#### [About this task]
Return every line of the data below exactly, but do not include the images.

===== Provided data =====

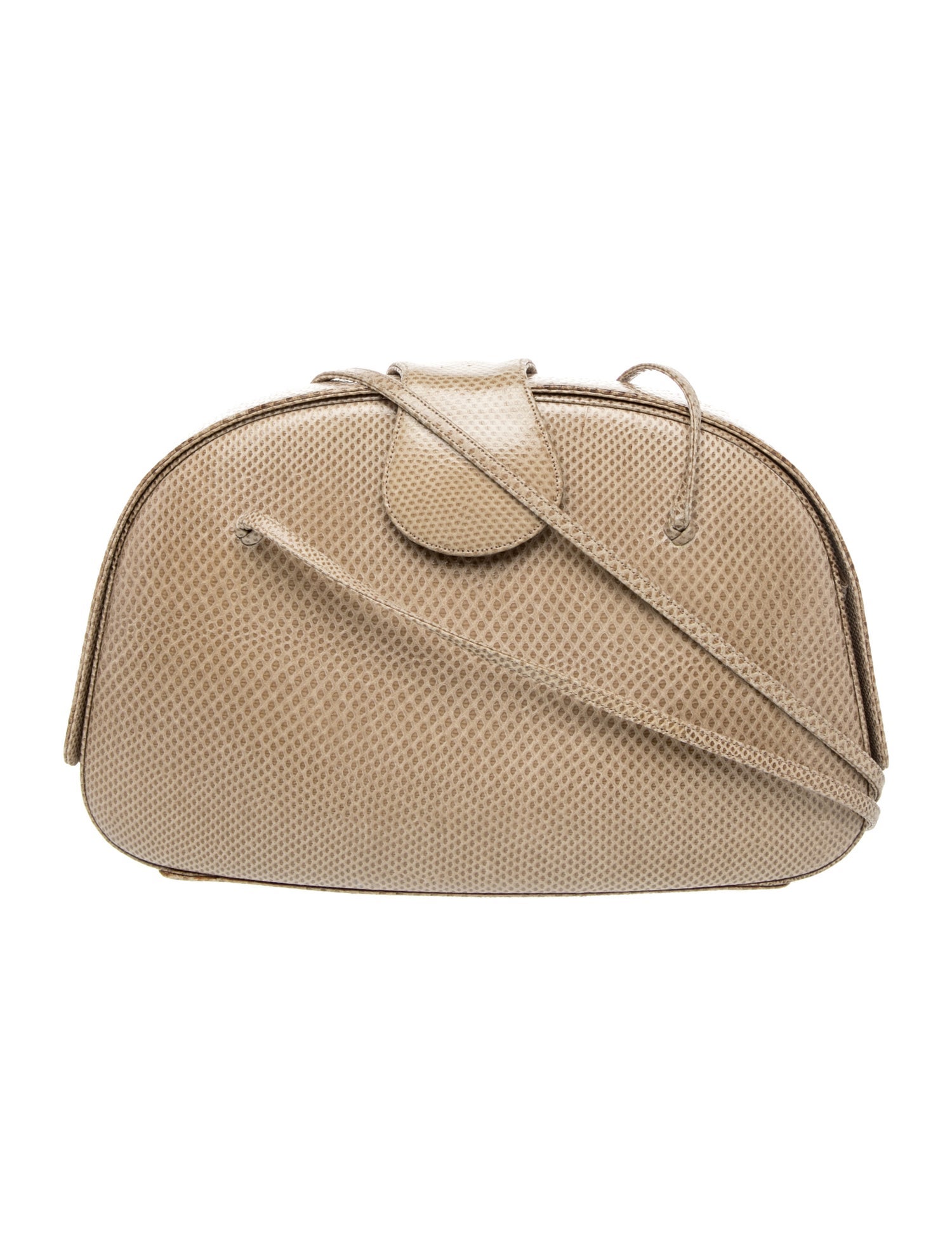 Judith Leiber Lizard Shoulder Bag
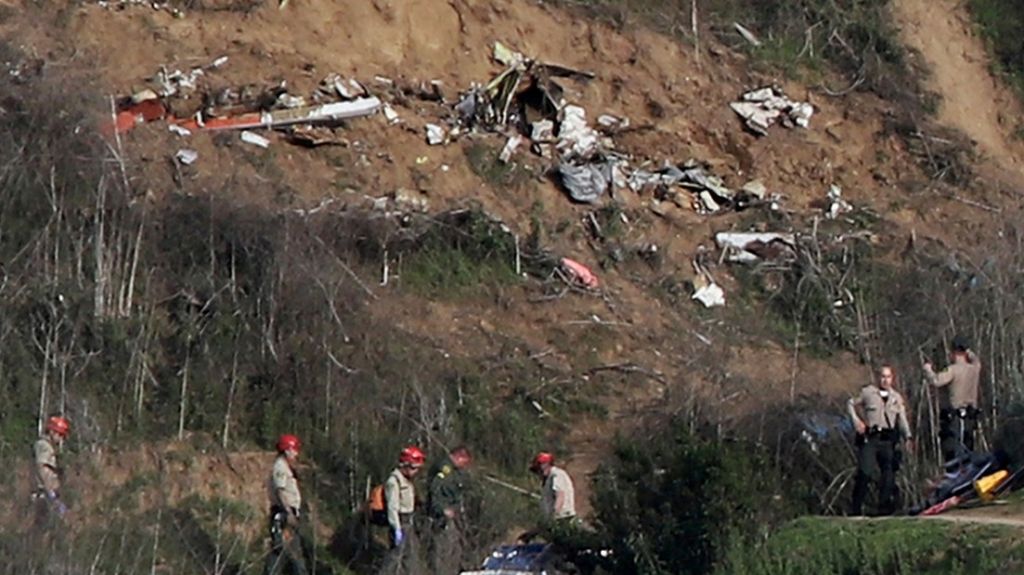  Informe revela que el piloto del helic&oacute;ptero en el que muri&oacute; Kobe Bryant se habr&iacute;a desorientado por la niebla 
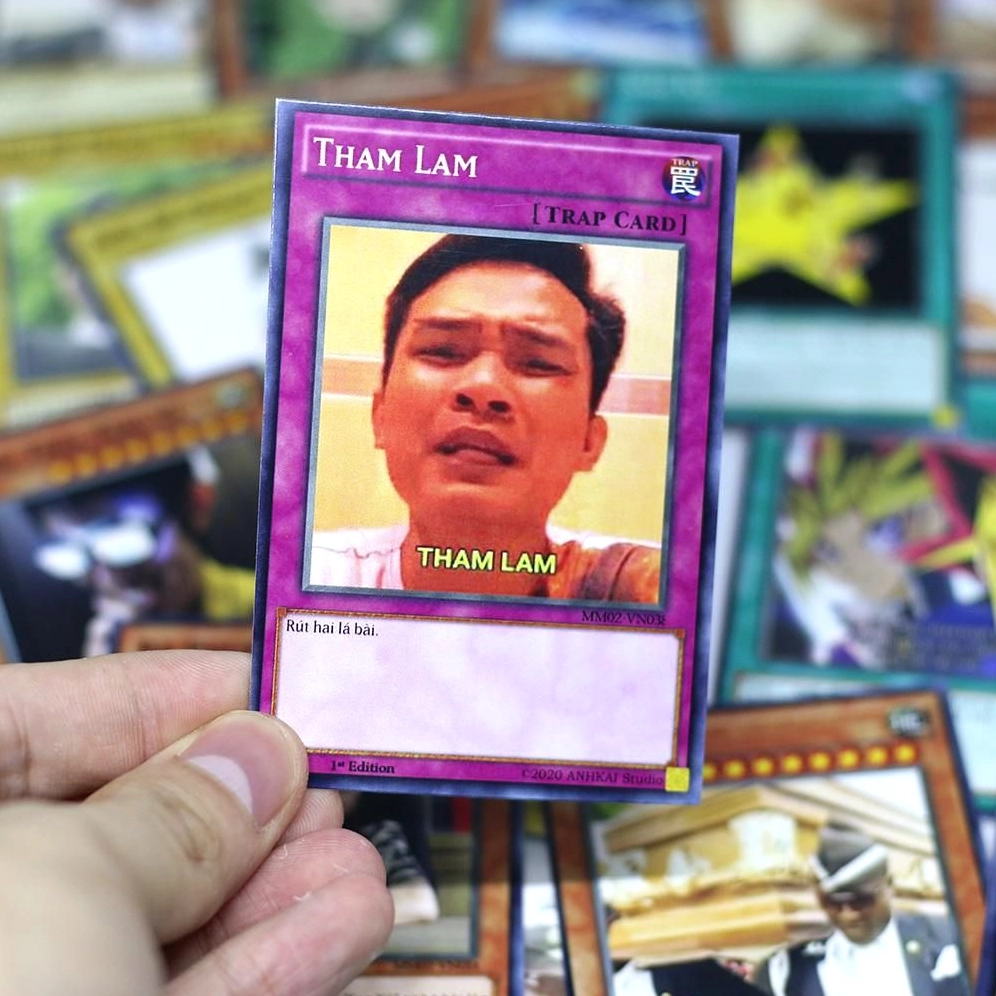 meme lật bài ngửa thất vọng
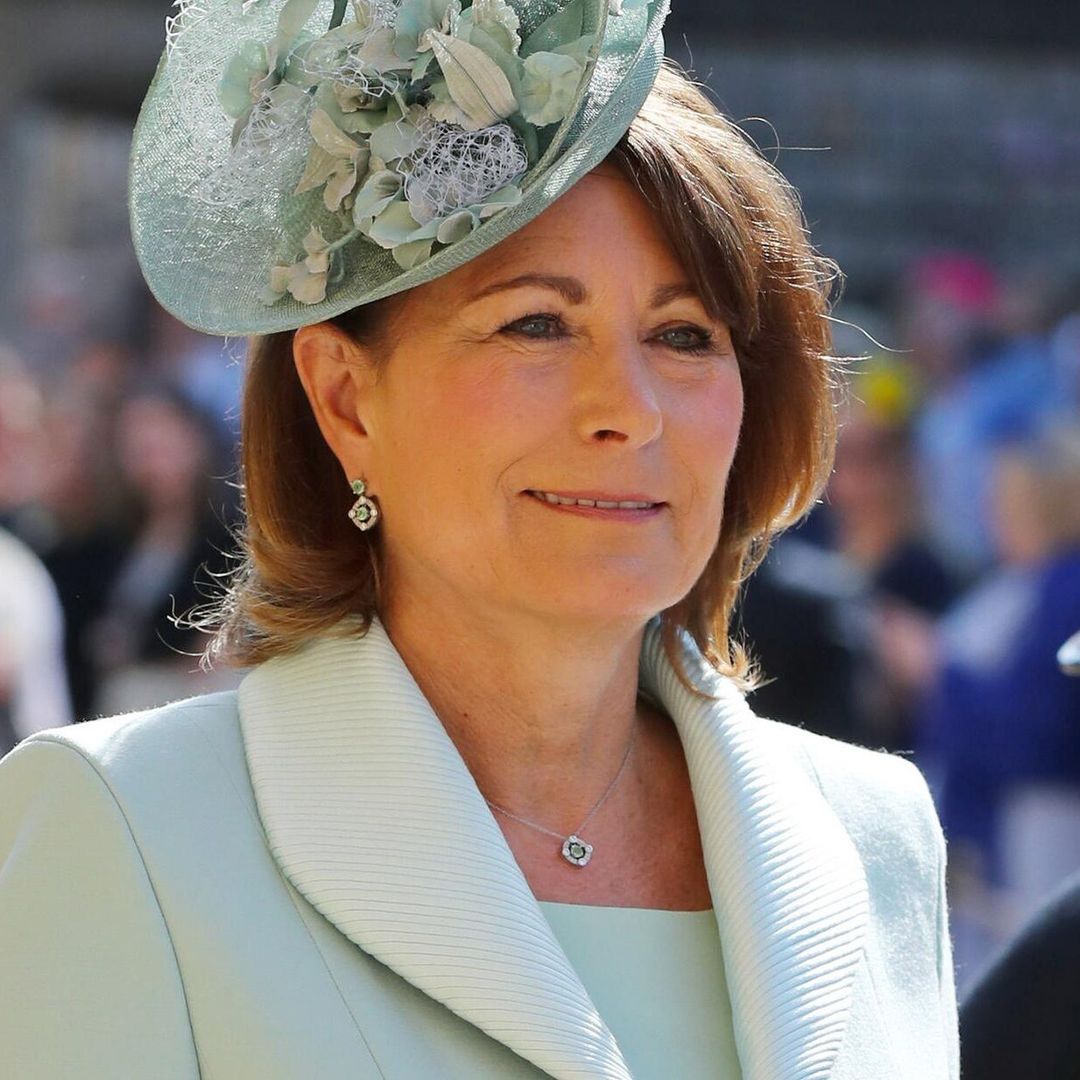 Carole Middleton, la hija del albañil que se ha convertido en consuegra del Rey de Inglaterra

=====

#### [Final answer]
 Judith Leiber Lizard Shoulder Bag
  Informe revela que el piloto del helic&oacute;ptero en el que muri&oacute; Kobe Bryant se habr&iacute;a desorientado por la niebla 
 meme lật bài ngửa thất vọng
 Carole Middleton, la hija del albañil que se ha convertido en consuegra del Rey de Inglaterra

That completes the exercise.